A “pathway” is a biochemical process of linked reactions whereby one molecule is processed into another, or compounds are changed in a series of processes to deliver a certain substance to a certain place in the body. For example, you may eat a certain vitamin or compound that gets digested into other molecules that get changed into other molecules through cellular processes until they eventually reach your brain as a specific neurotransmitter.
Researchers said the new information paves the way for precise treatment-focused research on manipulation of the microbiome. The ability to use stool analysis to see how patients respond to specific interventions over time can shape future studies and, ultimately, clinical care.
“What’s significant about this work is not only the identification of major signatures, but also the computational analysis that identified the need for future studies to include longitudinal, carefully designed measurements and controls to enable robust interpretation,” Kelsey Martin, executive vice president of SFARI and the Simons Foundation Neuroscience Collaborations, said in a SFARI statement.
The meta-analysis compared 600 pairs of children; each pair consisted of a child with autism and a neurotypical control of the same age and sex. Each pair was analyzed and compared using novel computational methodologies so the researchers could identify microbes with differing abundances between the two groups.
There were 95 metabolic pathways differentially expressed in the brains of autistic subjects that had corresponding microbial pathways. “Pathways related to amino acid metabolism, carbohydrate metabolism and lipid metabolism were disproportionately represented among the overlapping pathways,” the study reads.
Functionally, those pathways were confirmed with microbial species in the genera of Prevotella, Bifidobacterium, Desulfovibrio, and Bacteroides. And they are associated with brain gene expression changes, restrictive dietary patterns, and pro-inflammatory cytokine profiles.
The study’s inclusion of the 2019 long-term fecal microbiota transplant study led by Mr. Adams and Rosa Krajmalnik-Brown makes the evidence more robust.
“Another set of eyes looked at this, from a different lens, and they validated our findings,” Ms. Krajmalnik-Brown said of the meta-analysis in the statement.
The Adams and Krajmalnik-Brown study was also published in Nature and noted lower overall microbial diversity and reduced Prevotella copri and Bifidobacterium in children with autism.
The original study treated 18 children with a microbial transfer therapy that included two weeks of treatment with the powerful antibiotic vancomycin, a bowel cleanse, one initial high dose and 10 weeks of daily low doses of microbial transfers along with a low-dose stomach-acid suppressant.

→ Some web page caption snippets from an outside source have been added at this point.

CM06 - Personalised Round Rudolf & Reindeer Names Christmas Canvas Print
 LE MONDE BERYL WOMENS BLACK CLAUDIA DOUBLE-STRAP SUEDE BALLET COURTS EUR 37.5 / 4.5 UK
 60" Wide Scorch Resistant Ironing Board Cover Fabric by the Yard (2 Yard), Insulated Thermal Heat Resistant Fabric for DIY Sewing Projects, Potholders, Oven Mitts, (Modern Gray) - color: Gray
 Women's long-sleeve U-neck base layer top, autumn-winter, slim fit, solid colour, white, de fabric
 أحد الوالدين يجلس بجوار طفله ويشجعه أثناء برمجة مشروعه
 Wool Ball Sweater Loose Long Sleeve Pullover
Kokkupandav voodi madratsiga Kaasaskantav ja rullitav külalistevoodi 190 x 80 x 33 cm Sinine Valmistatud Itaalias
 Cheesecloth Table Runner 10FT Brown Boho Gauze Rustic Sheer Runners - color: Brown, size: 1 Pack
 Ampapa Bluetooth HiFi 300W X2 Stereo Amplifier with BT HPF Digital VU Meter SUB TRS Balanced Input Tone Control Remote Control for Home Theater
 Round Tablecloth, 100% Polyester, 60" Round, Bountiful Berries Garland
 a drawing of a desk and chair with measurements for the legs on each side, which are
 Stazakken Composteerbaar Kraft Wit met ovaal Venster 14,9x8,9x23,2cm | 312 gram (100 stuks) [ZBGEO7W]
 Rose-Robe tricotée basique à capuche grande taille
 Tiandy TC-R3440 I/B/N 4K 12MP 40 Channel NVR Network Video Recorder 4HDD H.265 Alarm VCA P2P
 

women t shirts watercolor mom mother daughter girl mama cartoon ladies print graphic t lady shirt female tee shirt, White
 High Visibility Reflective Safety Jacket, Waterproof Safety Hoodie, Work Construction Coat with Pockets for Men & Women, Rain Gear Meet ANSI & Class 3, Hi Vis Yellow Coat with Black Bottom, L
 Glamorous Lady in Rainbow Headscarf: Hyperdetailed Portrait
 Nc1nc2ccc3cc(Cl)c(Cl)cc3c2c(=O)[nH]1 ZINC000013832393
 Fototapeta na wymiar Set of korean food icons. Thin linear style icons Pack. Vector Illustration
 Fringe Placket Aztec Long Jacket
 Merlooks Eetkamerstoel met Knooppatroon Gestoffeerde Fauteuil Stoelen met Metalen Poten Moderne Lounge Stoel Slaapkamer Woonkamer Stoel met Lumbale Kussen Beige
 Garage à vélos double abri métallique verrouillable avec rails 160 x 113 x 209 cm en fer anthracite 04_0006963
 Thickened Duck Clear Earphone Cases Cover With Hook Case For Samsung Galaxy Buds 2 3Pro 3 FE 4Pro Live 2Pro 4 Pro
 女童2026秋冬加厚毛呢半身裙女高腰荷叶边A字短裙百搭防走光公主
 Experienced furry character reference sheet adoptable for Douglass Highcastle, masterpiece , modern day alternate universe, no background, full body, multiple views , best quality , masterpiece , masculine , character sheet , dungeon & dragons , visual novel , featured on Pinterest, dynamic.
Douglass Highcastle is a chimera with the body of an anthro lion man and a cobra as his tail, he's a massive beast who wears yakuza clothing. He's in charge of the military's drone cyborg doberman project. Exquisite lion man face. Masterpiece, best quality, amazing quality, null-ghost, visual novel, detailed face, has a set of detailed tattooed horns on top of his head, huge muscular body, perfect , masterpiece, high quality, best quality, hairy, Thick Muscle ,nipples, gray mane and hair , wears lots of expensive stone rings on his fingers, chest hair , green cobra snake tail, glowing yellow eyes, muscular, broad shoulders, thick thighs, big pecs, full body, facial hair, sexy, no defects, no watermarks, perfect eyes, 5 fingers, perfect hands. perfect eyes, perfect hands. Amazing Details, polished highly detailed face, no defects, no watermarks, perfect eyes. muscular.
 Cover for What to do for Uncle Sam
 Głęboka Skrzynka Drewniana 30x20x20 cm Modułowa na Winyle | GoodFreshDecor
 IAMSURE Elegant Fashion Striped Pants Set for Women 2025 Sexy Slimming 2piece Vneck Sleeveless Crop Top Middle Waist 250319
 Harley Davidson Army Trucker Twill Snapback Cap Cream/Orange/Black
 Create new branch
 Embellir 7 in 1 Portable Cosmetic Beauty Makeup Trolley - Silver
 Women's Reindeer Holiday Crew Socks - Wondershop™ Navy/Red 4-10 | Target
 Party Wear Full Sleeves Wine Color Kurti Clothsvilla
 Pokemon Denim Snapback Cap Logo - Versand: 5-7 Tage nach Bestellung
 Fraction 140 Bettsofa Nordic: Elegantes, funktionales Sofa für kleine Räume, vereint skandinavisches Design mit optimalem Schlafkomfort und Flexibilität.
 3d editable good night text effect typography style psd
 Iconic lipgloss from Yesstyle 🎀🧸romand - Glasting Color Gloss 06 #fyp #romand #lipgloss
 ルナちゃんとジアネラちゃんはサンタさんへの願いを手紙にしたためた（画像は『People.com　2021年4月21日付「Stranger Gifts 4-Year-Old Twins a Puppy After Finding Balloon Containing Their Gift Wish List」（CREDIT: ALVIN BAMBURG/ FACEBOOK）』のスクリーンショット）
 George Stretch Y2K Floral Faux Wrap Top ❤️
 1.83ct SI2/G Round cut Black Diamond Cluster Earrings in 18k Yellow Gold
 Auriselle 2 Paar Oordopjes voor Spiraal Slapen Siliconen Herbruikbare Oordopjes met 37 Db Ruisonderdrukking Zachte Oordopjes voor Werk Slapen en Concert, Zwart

Essentially, subjects had their gut microbiome cleared out and received a new one from a transplant of healthy donor stool. The results included an 80-percent reduction in GI symptoms and a slow, steady improvement in autism symptoms. The two-year follow-up of the same cohort showed that children in the severe range of autism had significantly decreased symptoms and that beneficial bacteria remained high.
The meta-analysis provides large-scale confirmation of a theory that many clinicians and researchers have had for years based on studies and observational evidence.
“They’re adding credibility to gut treatment with autistic kids. We’ve been treating autistic kids for decades on the gut, and we’ve had a lot of mainstream criticism for it,” Dr. Armen Nikogosian, a medical and functional doctor who specializes in autism care, told The Epoch Times. “That being said, we certainly haven’t figured it all out, but we knew there was a clear connection between the gut and the brain of the autistic child.